Genesis North America’s CEO is leaving, reports Automotive News. Mark Del Rosso has been on leave for three months for a “personal matter.” His duties will now be assumed by Hyundai North America CEO Jose Muñoz. Hyundai Mexico’s CEO Claudia Marquez will also join Genesis North America as chief operating officer.
“Claudia is a strong leader that has implemented effective strategies for growing automotive brands throughout her career,” Muñoz said in the release. “As an ambitious brand with a bold vision, we are pleased to have Claudia onboard to lead Genesis through its next phase of growth.”
Del Rosso took a leave of absence beginning July 1 during a time of rapid expansion for the upstart luxury automaker, which has introduced new models and tripled sales in August compared to the previous year.
“Under Mark’s leadership, Genesis achieved all-time record sales and elevated levels of customer satisfaction,” Genesis said in the separate statement. “We thank Mark for his leadership in building the Genesis Brand and wish him well.”
When Del Rosso joined Genesis in October 2019, the Korean automaker touted his experience in the luxury market with such brands as Audi, Bentley and Lexus. Earlier that year, Del Rosso had stepped down as president of Audio of America less than six months into the job.

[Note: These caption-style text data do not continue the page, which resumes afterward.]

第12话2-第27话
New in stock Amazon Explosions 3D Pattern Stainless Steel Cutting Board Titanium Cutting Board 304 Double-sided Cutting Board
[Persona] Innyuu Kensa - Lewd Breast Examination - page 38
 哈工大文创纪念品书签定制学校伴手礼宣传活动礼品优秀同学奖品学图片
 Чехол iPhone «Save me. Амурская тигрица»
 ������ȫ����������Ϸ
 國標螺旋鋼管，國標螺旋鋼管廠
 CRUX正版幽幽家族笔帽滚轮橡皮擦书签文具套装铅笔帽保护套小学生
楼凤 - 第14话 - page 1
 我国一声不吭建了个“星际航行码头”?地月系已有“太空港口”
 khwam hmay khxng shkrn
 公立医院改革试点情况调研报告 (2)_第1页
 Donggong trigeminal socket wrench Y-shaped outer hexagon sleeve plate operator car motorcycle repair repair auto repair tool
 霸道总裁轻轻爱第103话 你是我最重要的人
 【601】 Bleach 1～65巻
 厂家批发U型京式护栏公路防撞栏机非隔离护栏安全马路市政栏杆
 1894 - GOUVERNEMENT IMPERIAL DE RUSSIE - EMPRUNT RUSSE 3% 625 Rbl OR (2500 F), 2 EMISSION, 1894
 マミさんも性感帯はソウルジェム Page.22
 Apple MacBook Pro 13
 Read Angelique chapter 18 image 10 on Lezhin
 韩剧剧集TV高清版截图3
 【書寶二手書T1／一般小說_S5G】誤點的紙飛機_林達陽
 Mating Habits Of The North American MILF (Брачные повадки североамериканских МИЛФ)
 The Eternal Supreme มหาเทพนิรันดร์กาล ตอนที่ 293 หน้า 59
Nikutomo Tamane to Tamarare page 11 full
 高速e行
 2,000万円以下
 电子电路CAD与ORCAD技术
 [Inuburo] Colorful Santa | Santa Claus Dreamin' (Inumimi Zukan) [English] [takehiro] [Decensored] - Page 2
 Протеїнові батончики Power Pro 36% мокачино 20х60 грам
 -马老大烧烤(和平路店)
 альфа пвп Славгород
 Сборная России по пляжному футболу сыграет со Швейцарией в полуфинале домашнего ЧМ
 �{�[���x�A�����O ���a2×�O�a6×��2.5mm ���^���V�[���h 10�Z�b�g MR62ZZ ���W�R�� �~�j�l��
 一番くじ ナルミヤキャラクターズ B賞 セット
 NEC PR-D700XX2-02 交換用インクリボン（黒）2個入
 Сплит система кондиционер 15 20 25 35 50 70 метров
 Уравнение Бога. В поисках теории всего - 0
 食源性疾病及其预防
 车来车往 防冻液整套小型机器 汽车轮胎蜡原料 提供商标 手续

As usual, there is either a juicy backstory here or not; I’m sure I’ll hear about it in six months on a press drive somewhere.
If my car battery dies, the radio prompts me to put in a code to start working again, a common anti-theft measure that, as far as I can tell, has helped largely eliminate car radio thefts. Remember those? In the ‘90s, everyone was worried about their radio getting stolen.